_Records_:
------------------------------------------------------------

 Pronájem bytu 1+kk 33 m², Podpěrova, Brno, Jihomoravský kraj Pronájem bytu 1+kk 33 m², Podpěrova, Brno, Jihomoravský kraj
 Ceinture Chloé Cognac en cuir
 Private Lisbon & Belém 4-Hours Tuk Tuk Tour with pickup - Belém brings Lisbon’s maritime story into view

------------------------------------------------------------

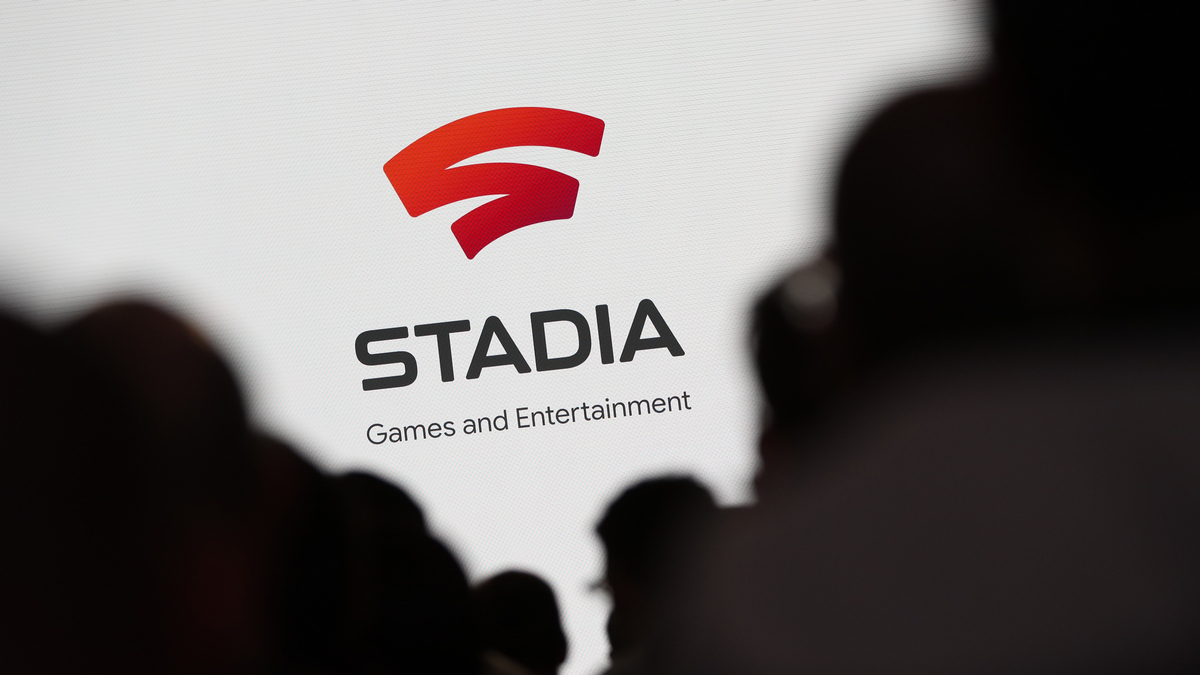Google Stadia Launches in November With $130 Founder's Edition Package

------------------------------------------------------------

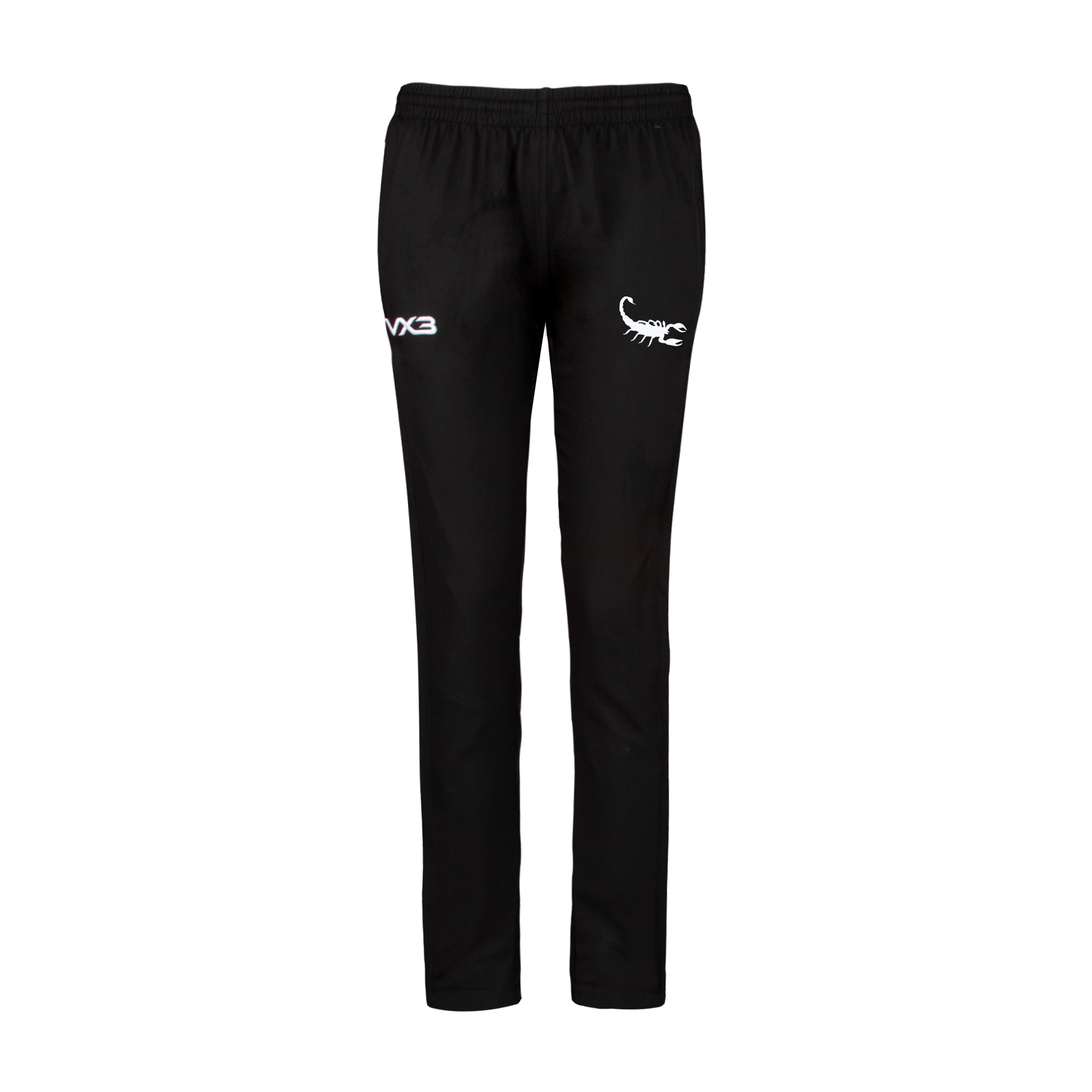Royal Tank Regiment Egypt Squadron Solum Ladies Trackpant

------------------------------------------------------------

_Aim of the task_: Taking the material above, extract exactly and only the lines from the line with "Jihomoravský kraj Pronájem" to the line with "Private Lisbon &", inclusive of both.

_Written solution_:
 Pronájem bytu 1+kk 33 m², Podpěrova, Brno, Jihomoravský kraj Pronájem bytu 1+kk 33 m², Podpěrova, Brno, Jihomoravský kraj
 Ceinture Chloé Cognac en cuir
 Private Lisbon & Belém 4-Hours Tuk Tuk Tour with pickup - Belém brings Lisbon’s maritime story into view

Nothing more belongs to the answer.